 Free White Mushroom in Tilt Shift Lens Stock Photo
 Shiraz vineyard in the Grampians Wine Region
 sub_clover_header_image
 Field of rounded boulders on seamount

==

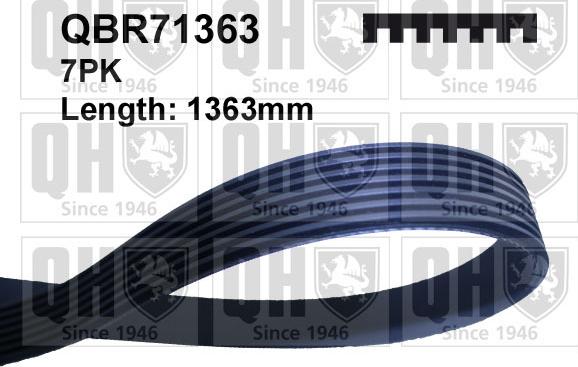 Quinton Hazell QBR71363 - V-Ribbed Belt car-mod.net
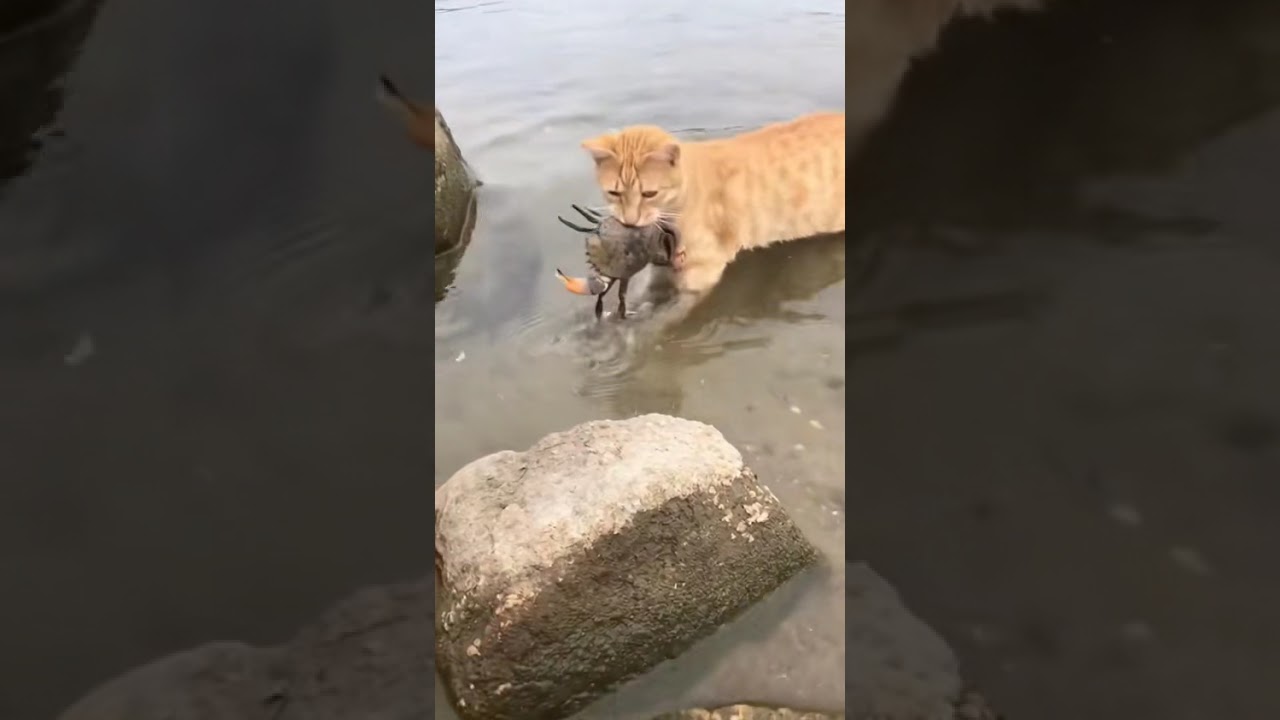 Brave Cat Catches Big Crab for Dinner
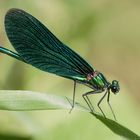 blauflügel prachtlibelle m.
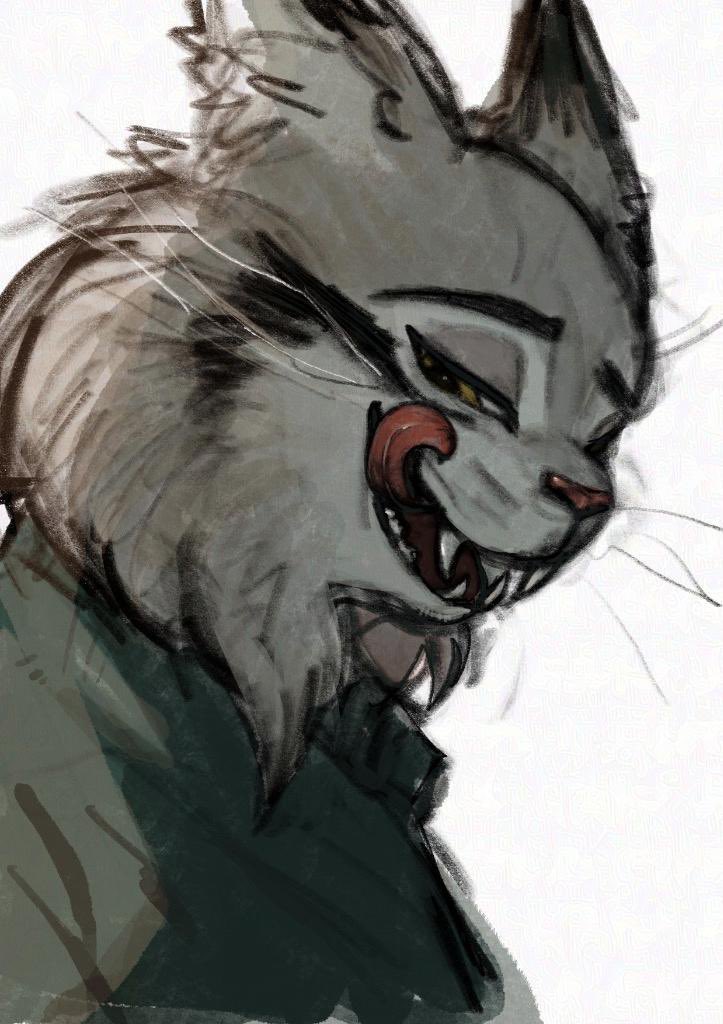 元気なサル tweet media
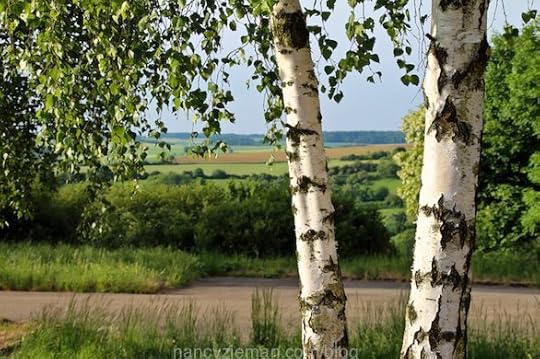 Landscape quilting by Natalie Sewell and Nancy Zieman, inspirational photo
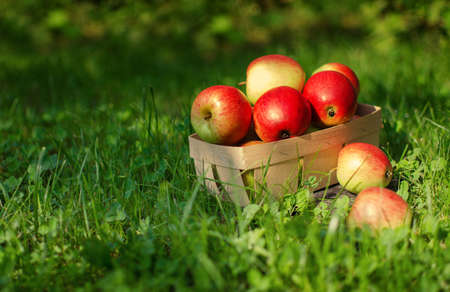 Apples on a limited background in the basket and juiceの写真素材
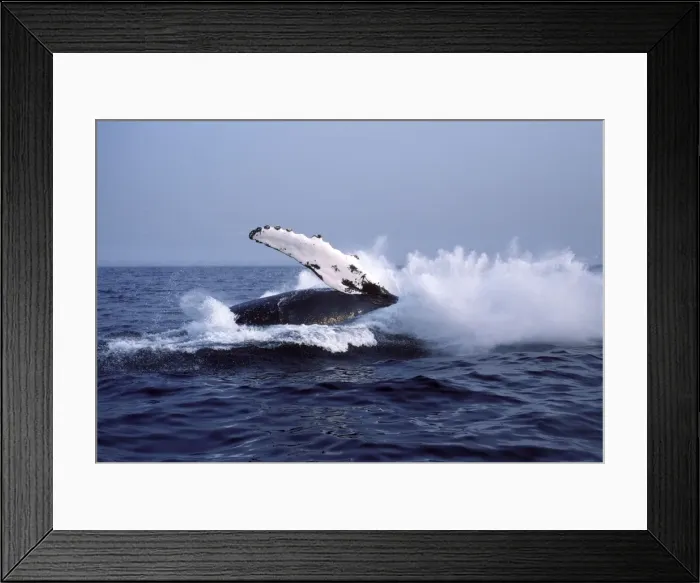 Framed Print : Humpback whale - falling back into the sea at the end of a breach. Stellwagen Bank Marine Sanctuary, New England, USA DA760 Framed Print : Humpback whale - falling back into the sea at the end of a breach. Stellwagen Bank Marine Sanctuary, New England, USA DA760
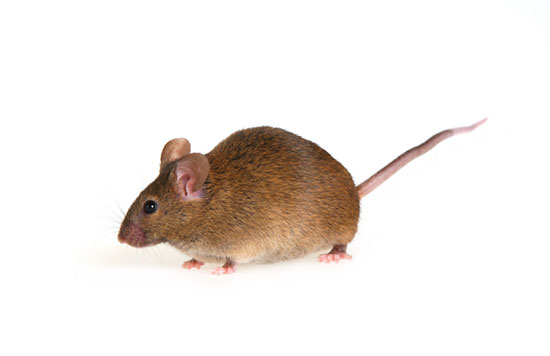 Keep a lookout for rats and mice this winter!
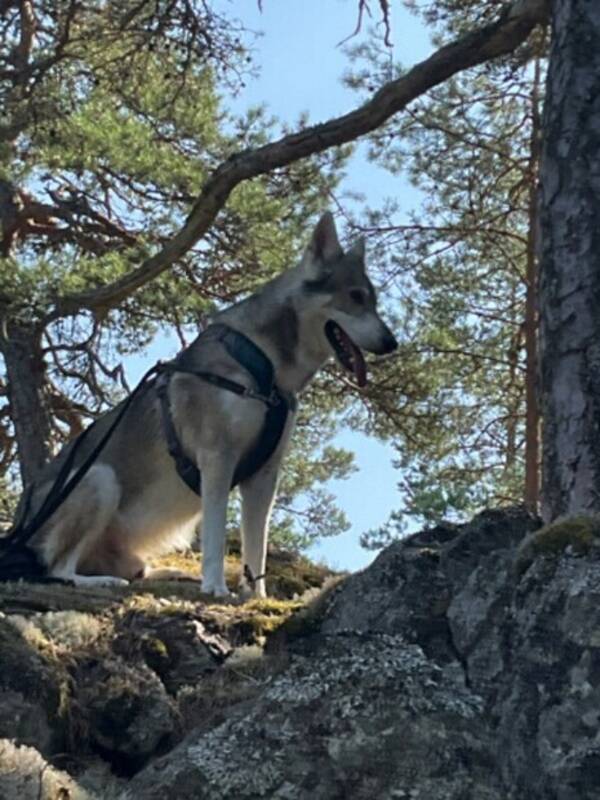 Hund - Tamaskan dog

> [WORK REQUIRED] Repeat the entries above verbatim, but only from the line that has "Free White Mushroom" down to the line that has "Field of rounded boulders on seamount", inclusive.

> [TASK SOLUTION]
 Free White Mushroom in Tilt Shift Lens Stock Photo
 Shiraz vineyard in the Grampians Wine Region
 sub_clover_header_image
 Field of rounded boulders on seamount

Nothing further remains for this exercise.